There are fewer Jews living in the former Soviet Union than had previously been believed, a survey conducted by the Jewish Agency for Israel indicates.

According to the survey, which was compiled by the Jewish Agency’s unit for the former Soviet Union and Central Europe, there are 1.4 million Jews living in 200 communities in the Soviet successor states.

The figure is sharply lower than previous estimates, which put the total Jewish population there at between 3 million and 5 million.

“The survey is not scientific, it is not a census,” said Baruch Gur, head of the unit that compiled the survey.

But he said the new figure, compiled by agency representatives working in the field in cooperation with local authorities, is a reliable one that reflects “self-identified Jews.”

The survey, which breaks down populations by communities, “gives an important demographic picture” of the size and locations of Jewish communities within the former Soviet Union, he said.

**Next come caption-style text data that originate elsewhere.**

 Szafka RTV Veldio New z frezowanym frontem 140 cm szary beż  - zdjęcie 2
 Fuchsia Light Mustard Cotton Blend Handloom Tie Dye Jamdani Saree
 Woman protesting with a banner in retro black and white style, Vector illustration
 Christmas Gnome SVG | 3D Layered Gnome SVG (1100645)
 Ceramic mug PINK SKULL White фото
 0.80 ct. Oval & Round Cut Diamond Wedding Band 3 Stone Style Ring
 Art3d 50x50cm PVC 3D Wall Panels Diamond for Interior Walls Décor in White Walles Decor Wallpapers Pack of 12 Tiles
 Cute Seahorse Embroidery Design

That is important to officials of the Jewish Agency, which helps absorb immigrants from all over the world.

Last month, 6,187 Jews from the republics arrived here, according to statistics compiled by the Soviet Jewry Research Bureau of the National Conference on Soviet Jewry in New York.

The total was slightly lower than the 6,207 Jews who arrived in September, the month with the highest aliyah total so far this year. But the October total was higher than any other month this year.

The October figure brings aliyah from the region to 53,388 so far this calendar year.

At the same time, 2,781 Jews from the former Soviet Union arrived in the United States last month under the government’s refugee program, according to the Hebrew Immigrant Aid Society. HIAS put the total for the year to date at 29,243.